Segment Open

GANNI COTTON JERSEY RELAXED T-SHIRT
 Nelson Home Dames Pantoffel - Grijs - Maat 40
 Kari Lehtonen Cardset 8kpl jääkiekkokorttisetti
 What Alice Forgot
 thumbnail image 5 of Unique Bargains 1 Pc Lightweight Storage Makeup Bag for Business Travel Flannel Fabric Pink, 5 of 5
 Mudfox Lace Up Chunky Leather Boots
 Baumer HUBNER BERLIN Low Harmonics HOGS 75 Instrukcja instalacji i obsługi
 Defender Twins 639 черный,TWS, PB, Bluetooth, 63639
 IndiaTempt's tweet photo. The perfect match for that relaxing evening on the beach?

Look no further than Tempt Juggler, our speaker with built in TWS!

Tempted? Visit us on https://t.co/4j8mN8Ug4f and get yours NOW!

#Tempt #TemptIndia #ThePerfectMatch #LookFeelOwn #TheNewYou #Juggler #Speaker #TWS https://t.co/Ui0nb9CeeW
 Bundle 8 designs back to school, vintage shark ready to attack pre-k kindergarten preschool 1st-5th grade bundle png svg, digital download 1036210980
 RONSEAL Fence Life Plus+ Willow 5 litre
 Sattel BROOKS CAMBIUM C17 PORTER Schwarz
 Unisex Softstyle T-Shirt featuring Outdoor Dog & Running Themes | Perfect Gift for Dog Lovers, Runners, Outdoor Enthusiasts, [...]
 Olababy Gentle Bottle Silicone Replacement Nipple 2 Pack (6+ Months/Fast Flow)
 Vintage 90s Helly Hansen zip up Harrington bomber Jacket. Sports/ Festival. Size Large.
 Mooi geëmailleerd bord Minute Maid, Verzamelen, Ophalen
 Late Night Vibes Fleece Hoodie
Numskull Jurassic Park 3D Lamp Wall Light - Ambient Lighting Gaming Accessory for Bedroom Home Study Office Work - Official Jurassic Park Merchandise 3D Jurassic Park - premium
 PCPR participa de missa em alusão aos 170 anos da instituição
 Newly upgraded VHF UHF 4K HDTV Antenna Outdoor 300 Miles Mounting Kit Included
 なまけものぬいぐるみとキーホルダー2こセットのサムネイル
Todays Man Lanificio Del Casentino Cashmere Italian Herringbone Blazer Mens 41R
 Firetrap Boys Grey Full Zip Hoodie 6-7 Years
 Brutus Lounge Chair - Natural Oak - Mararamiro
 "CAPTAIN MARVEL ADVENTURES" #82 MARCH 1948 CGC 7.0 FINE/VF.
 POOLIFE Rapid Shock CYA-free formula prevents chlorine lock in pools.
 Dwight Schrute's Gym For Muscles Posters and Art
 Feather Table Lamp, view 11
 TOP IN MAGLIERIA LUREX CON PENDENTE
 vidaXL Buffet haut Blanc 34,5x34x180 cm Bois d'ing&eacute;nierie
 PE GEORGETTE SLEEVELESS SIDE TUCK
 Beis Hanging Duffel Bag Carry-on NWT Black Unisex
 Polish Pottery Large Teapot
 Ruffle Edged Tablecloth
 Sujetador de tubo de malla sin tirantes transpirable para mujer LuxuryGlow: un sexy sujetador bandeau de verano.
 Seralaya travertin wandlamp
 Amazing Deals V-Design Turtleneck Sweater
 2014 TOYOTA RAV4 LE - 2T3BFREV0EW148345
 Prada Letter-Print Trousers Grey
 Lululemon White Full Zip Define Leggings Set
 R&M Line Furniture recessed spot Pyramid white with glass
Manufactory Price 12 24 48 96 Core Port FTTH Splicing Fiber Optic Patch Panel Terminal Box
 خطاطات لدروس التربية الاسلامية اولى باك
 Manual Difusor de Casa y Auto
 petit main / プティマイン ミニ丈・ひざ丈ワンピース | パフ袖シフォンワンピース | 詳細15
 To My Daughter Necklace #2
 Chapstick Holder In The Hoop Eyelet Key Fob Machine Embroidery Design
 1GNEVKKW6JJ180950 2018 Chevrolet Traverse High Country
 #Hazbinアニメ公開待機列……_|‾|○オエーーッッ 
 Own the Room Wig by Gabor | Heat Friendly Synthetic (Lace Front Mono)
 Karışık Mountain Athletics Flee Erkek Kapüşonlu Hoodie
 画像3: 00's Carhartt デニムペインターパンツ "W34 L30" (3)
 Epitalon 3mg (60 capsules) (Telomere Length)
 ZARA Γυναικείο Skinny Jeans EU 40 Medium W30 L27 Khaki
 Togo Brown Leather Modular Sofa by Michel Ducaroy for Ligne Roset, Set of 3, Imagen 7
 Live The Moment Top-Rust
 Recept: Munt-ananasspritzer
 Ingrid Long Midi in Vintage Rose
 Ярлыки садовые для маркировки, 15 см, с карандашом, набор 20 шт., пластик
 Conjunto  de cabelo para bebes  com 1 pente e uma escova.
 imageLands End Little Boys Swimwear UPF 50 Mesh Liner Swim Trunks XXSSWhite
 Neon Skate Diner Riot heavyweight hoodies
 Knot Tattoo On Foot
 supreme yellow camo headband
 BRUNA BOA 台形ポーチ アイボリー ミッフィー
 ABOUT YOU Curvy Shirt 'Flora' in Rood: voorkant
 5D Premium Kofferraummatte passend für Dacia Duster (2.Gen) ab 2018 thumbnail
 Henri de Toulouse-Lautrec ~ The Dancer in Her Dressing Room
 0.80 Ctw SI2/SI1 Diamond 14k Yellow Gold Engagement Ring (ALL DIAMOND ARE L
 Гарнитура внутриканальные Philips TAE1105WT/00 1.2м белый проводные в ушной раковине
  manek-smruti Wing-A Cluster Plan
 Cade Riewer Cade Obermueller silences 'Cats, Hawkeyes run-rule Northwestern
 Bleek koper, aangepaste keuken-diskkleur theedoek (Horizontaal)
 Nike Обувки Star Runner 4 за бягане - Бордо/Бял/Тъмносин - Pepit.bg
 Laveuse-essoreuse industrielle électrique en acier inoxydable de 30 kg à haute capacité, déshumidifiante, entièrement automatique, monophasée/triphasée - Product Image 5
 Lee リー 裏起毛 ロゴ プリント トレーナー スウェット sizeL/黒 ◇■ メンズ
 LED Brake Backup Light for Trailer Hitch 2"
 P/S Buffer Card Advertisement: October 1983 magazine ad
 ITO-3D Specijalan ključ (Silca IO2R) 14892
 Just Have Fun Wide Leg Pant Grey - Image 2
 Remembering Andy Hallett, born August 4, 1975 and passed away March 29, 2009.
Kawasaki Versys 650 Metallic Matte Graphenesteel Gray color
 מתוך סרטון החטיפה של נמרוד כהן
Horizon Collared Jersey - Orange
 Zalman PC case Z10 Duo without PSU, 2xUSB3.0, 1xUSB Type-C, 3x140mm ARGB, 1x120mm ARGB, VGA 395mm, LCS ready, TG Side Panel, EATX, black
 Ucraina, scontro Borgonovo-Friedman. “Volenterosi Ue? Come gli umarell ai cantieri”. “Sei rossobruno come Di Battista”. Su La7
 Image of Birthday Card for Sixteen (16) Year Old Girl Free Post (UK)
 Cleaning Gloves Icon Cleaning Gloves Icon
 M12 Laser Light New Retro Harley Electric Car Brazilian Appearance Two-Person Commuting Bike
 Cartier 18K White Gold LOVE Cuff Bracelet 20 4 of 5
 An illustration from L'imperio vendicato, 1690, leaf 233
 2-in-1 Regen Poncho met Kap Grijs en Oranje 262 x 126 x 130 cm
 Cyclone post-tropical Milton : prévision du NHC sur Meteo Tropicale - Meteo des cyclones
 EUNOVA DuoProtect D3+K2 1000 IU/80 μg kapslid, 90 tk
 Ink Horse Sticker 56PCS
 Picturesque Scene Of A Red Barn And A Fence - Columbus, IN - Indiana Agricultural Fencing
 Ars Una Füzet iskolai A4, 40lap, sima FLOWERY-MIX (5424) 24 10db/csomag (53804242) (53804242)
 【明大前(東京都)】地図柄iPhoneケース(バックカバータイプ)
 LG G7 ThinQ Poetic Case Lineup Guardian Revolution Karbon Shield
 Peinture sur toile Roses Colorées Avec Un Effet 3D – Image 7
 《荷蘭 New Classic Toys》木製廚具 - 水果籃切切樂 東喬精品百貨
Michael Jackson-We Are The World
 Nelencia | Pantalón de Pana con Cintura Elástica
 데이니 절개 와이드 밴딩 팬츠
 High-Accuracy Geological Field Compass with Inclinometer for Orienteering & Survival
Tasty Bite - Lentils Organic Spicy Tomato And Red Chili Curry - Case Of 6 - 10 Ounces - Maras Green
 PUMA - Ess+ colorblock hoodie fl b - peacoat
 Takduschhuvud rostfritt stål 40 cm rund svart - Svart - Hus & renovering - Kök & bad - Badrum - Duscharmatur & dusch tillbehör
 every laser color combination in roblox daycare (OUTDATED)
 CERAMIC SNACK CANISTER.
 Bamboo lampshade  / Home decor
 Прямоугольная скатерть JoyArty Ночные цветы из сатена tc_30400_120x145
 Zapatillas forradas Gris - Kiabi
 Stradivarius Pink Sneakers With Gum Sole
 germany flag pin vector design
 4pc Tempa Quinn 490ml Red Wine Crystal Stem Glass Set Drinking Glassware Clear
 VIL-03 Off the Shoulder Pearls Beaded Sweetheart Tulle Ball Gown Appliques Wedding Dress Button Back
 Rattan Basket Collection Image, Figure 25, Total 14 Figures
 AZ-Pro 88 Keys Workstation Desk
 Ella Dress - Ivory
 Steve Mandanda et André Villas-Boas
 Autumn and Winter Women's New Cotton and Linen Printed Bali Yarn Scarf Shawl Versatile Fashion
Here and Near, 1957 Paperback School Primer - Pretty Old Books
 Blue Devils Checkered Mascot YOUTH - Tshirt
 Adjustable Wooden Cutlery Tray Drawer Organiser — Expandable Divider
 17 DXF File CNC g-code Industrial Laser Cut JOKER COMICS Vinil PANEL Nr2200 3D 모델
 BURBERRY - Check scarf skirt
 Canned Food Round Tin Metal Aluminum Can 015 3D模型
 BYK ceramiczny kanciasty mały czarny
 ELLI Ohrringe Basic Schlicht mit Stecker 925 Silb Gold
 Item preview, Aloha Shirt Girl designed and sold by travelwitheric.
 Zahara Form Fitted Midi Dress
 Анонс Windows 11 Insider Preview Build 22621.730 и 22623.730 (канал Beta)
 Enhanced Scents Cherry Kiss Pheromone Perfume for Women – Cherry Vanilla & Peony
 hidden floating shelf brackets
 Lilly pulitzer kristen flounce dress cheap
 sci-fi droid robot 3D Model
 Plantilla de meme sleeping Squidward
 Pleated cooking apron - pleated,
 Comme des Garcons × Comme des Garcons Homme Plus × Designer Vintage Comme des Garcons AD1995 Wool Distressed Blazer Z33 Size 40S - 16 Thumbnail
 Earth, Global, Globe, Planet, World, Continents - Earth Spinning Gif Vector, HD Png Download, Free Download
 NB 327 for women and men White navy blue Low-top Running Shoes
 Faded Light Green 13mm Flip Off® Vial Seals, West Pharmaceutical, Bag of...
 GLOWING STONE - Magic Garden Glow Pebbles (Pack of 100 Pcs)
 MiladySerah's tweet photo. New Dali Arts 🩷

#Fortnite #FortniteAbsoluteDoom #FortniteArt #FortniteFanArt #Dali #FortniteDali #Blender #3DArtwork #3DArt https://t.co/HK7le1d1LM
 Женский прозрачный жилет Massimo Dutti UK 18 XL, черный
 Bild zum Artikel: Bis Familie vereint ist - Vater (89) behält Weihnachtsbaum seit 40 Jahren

Segment Closed

*REQUIREMENT*
Look over the material and return every line where the word "photo" is found.

*OUTPUT OF THE TASK*
 IndiaTempt's tweet photo. The perfect match for that relaxing evening on the beach?
 MiladySerah's tweet photo. New Dali Arts 🩷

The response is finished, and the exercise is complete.